* _EXERCISE OBJECTIVE_: Print, exactly as they stand, the lines below from the one that has "Gold ring with" to the one that has "- Фото, изображение", inclusive, leaving out the pictures.

BEGIN

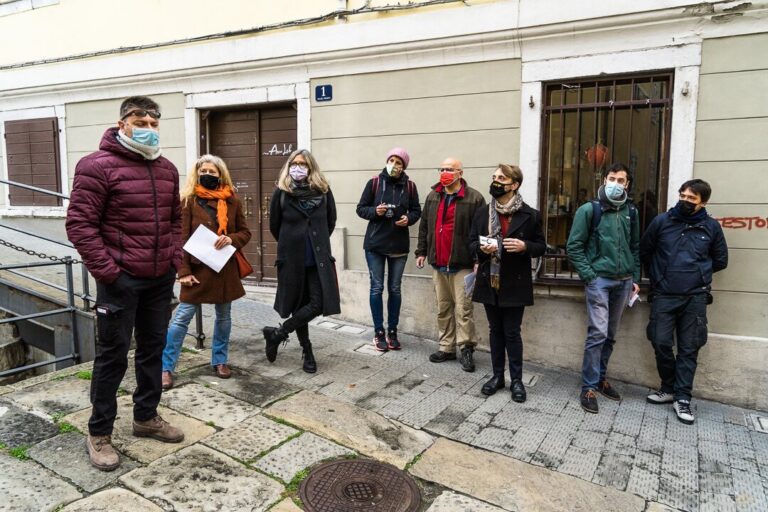 Gruppo con mascherina davanti a edificio storico in pietra.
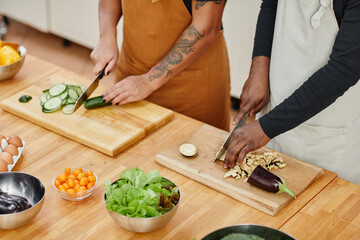 Wall Mural - High angle close up of two people cutting vegetables while cooking together in kitchen, copy space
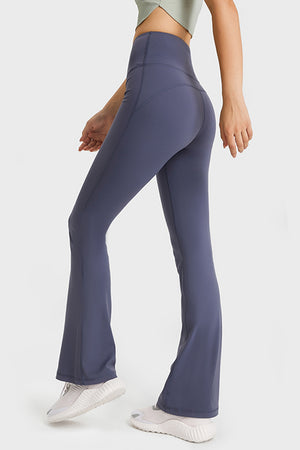 Back view showing clean seam lines, high-rise waistband, and flare from the rear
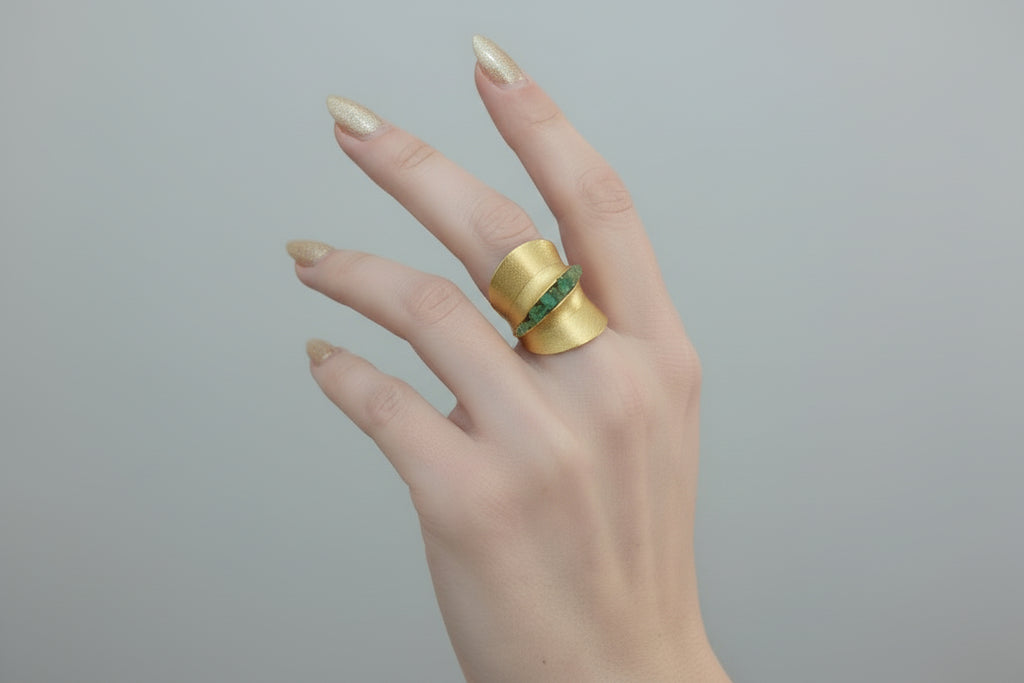 Gold ring with green gemstones on a finger against a neutral background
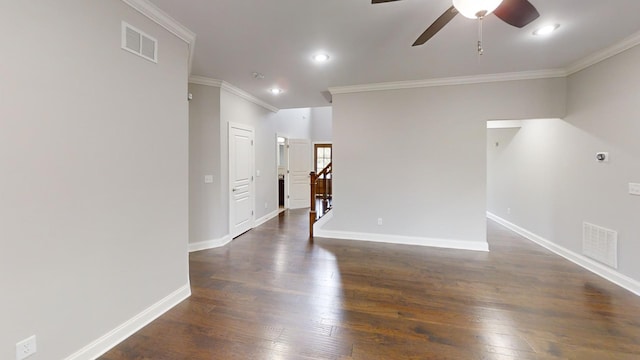 unfurnished room featuring ceiling fan, crown molding, and dark hardwood / wood-style flooring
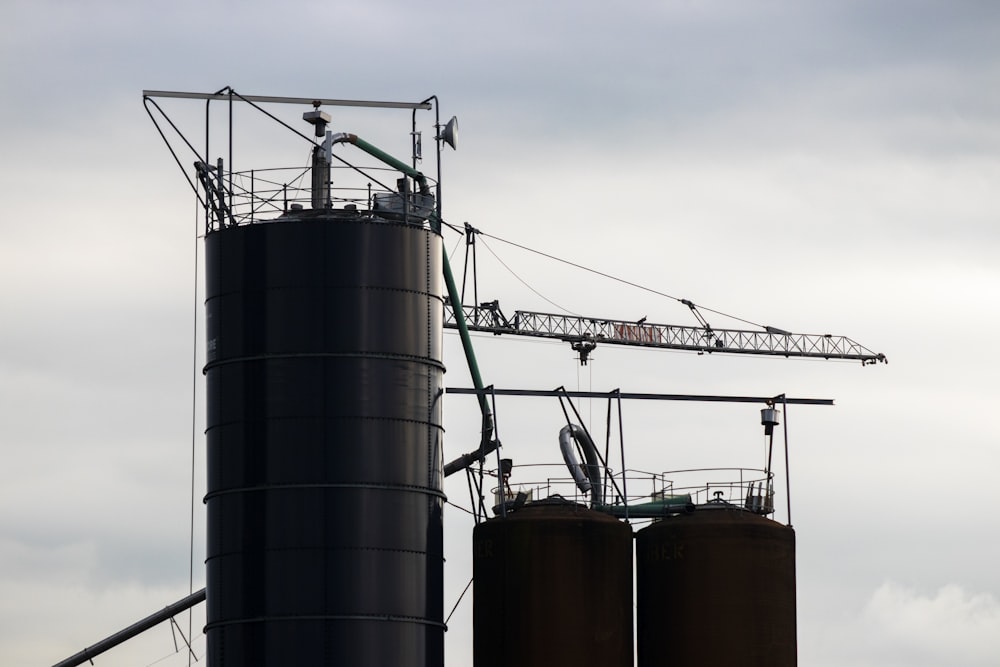 two large metal tanks sitting next to each other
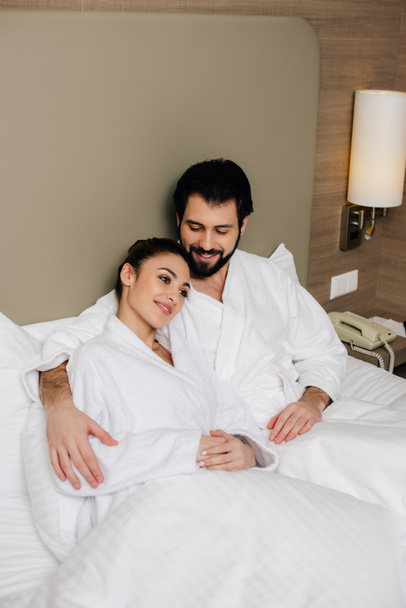 счастливая пара в халатах, обнимающаяся в постели гостиничного номера
 - Фото, изображение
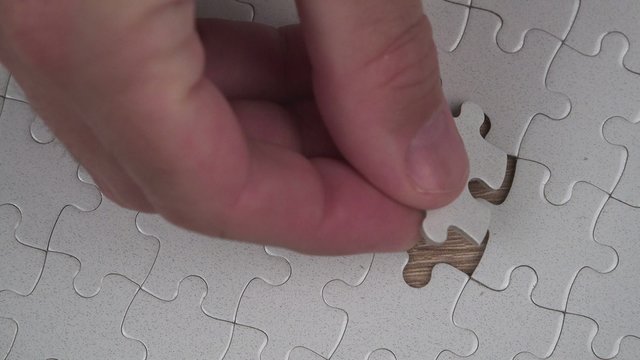 Male hand putting a missing piece and solving blank white jigsaw puzzle, 4k uhd footage, 2160p, 3840x2160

END

* _RESPONSE TO THIS TASK_:
 Gold ring with green gemstones on a finger against a neutral background
 unfurnished room featuring ceiling fan, crown molding, and dark hardwood / wood-style flooring
 two large metal tanks sitting next to each other
 счастливая пара в халатах, обнимающаяся в постели гостиничного номера
 - Фото, изображение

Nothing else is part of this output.